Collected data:
*** Block opens ***
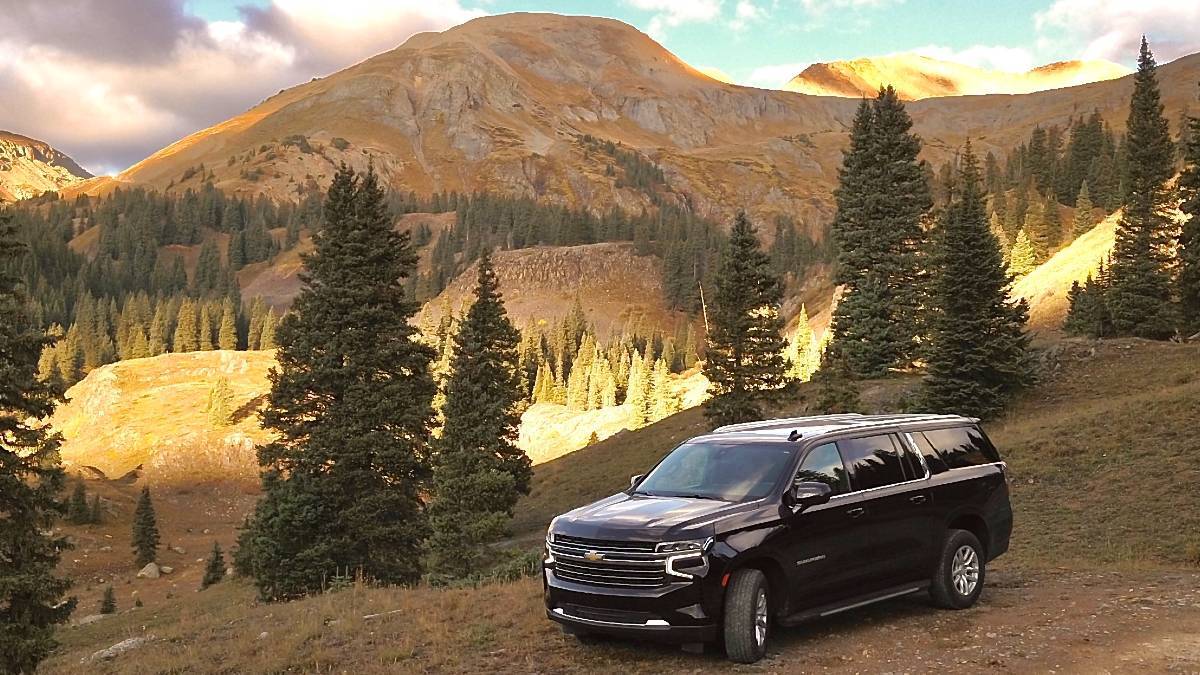 tellurides-vehicle.jpg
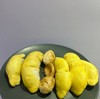 【季节限定】泰国老树甲仑榴莲整果顺丰包邮多规格可选【下单务必看售后须知】 商品缩略图4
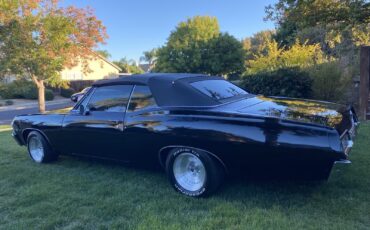 Chevrolet-Impala-1967-Convertible-10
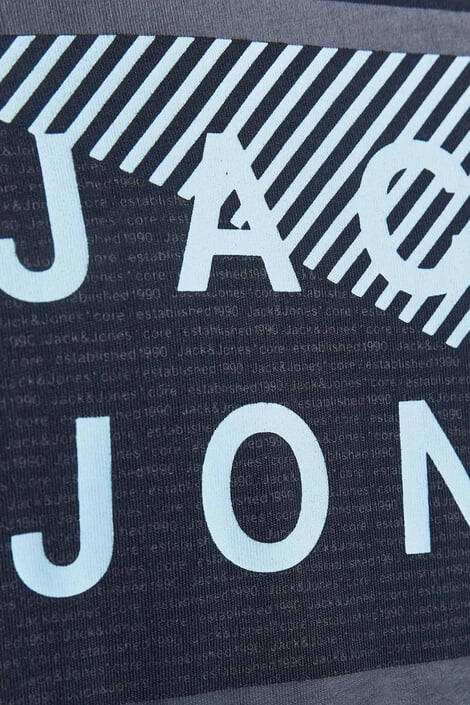 Jack & Jones Тениска JACK AND JONES Shawn - Pepit.bg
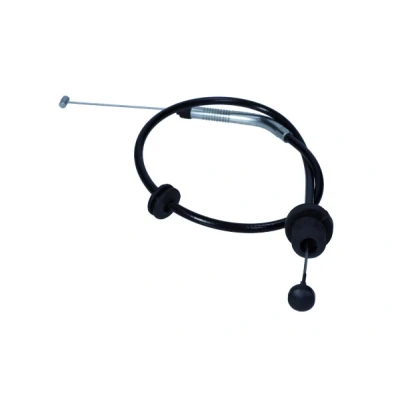 Kuva MAXGEAR 32 0856 Kaasuvaijeri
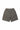 VGC FRENCH TERRY SHORTS - vaultroom 公式オンラインストア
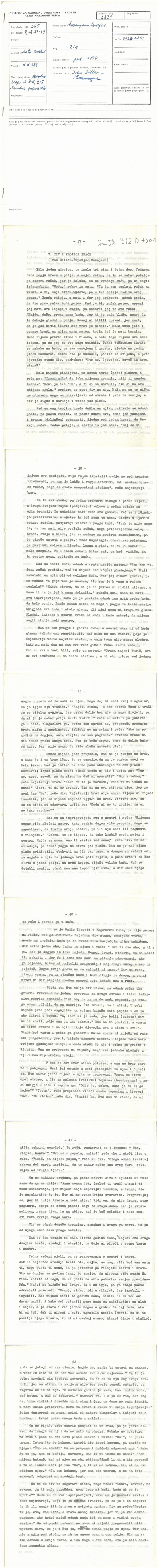 AaTh-08-0010-23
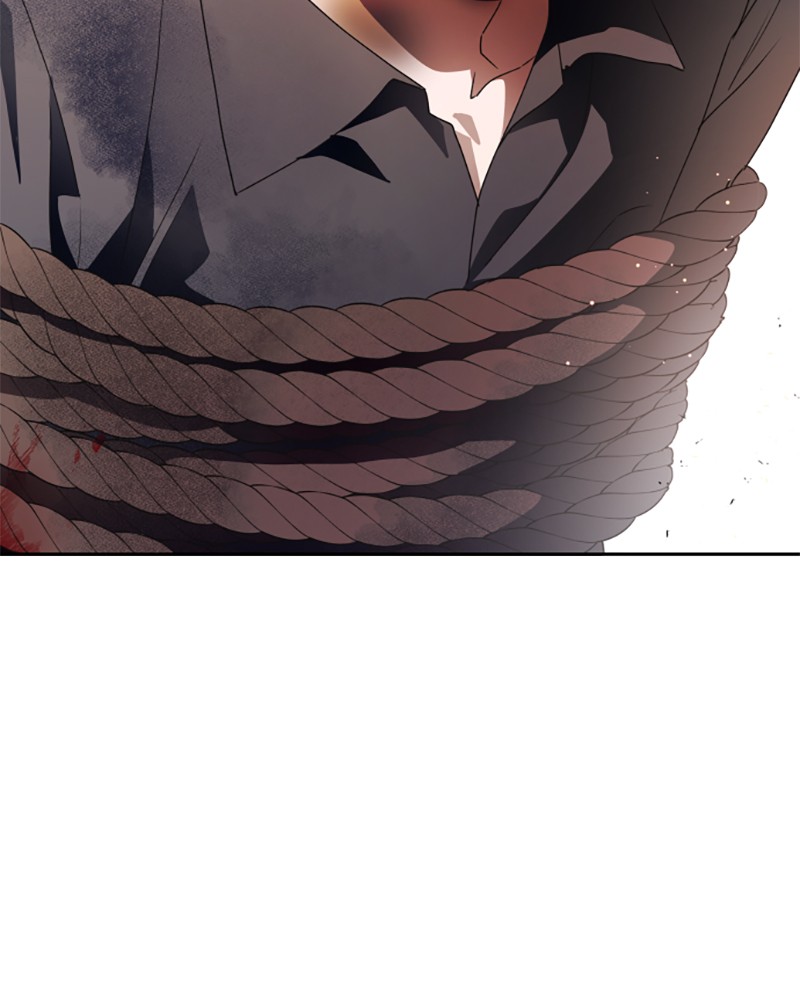 I Want to Be You, Just For a Day chapter 76 page 78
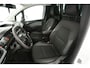 Renault Kangoo 1.5 Blue dCi | Airco | Cruise | Camera | Carplay | Navi | Trekhaak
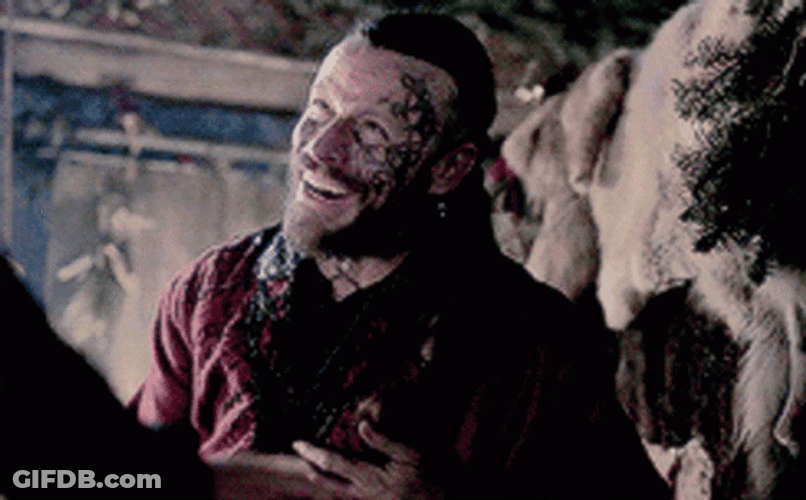 Thank You For Appreciating Skol GIF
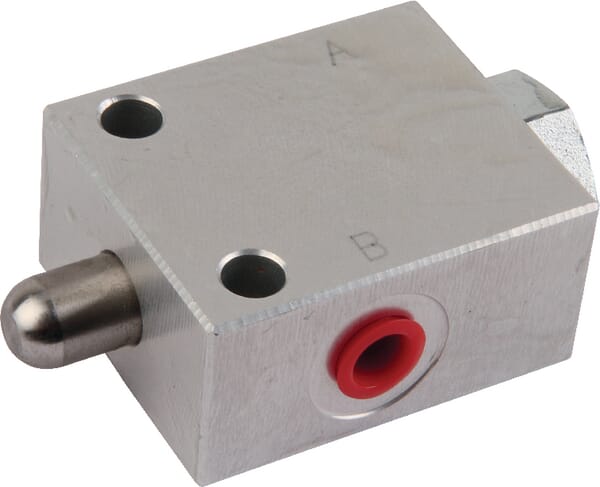BPA000392962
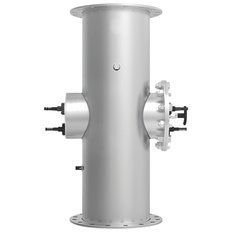 Ультрафіолетова установка Lifetech Clear (196 м3/год, 4 кВт) aqp_33643 фото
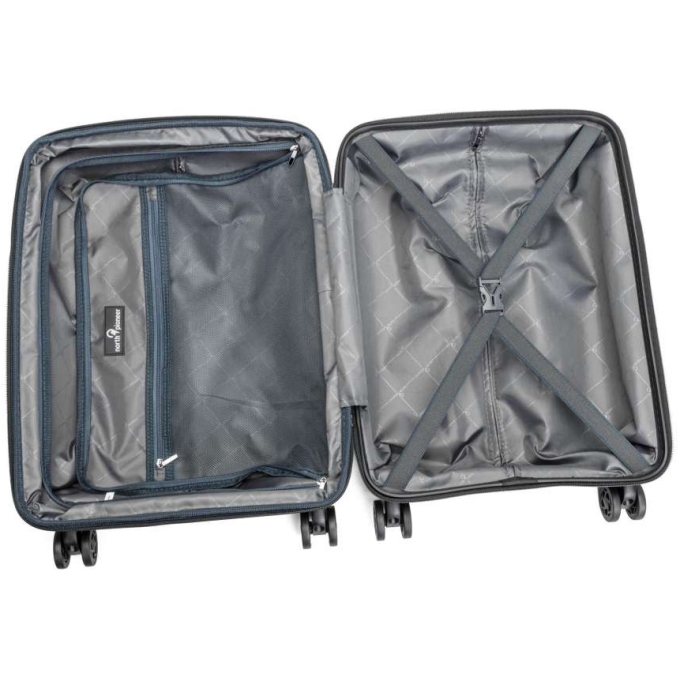 CO-711007241 - Image 3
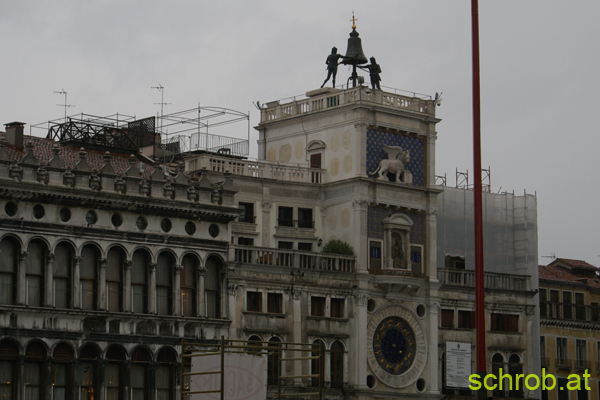 DSC01800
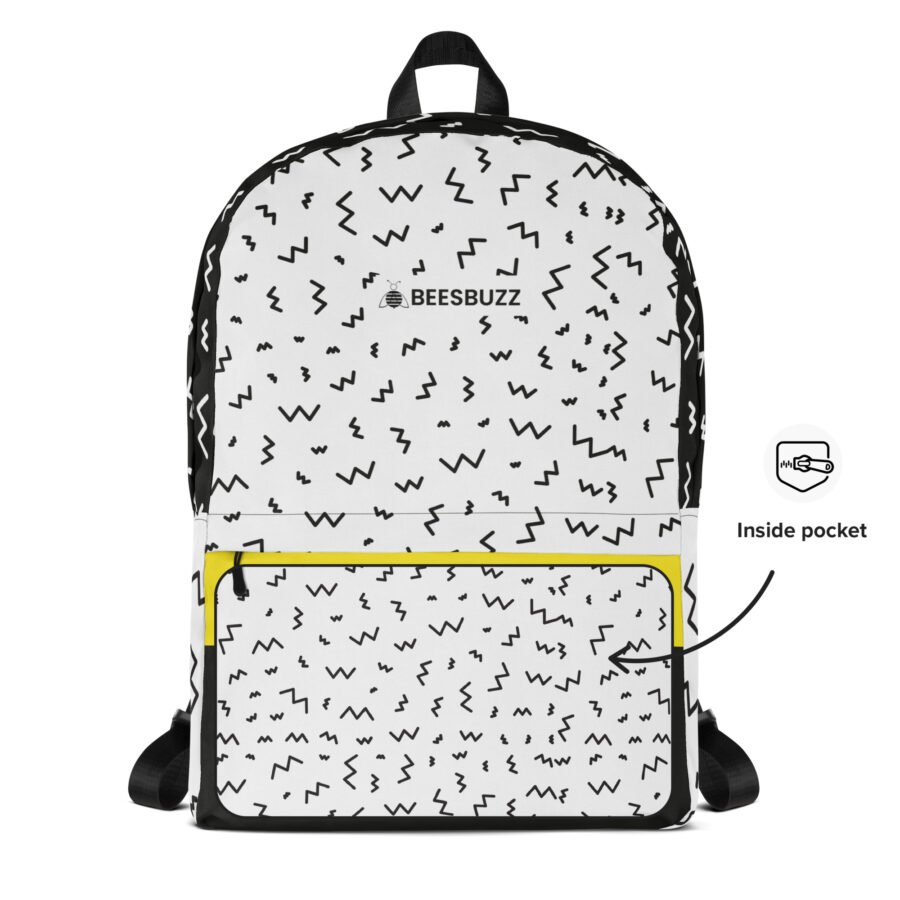 all over print backpack white front 2 66fba121f0532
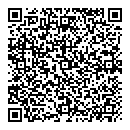 QR код "Comepay"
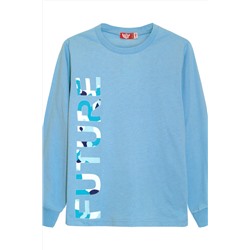 Пижама для мальчика 92177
*** Block closes ***
> [What is expected]: Excluding images, return all of the records above word for word.

> [Answer to this task]:
 tellurides-vehicle.jpg
 【季节限定】泰国老树甲仑榴莲整果顺丰包邮多规格可选【下单务必看售后须知】 商品缩略图4
 Chevrolet-Impala-1967-Convertible-10
 Jack & Jones Тениска JACK AND JONES Shawn - Pepit.bg
 Kuva MAXGEAR 32 0856 Kaasuvaijeri
 VGC FRENCH TERRY SHORTS - vaultroom 公式オンラインストア
 AaTh-08-0010-23
 I Want to Be You, Just For a Day chapter 76 page 78
 Renault Kangoo 1.5 Blue dCi | Airco | Cruise | Camera | Carplay | Navi | Trekhaak
 Thank You For Appreciating Skol GIF
BPA000392962
 Ультрафіолетова установка Lifetech Clear (196 м3/год, 4 кВт) aqp_33643 фото
 CO-711007241 - Image 3
 DSC01800
 all over print backpack white front 2 66fba121f0532
 QR код "Comepay"
 Пижама для мальчика 92177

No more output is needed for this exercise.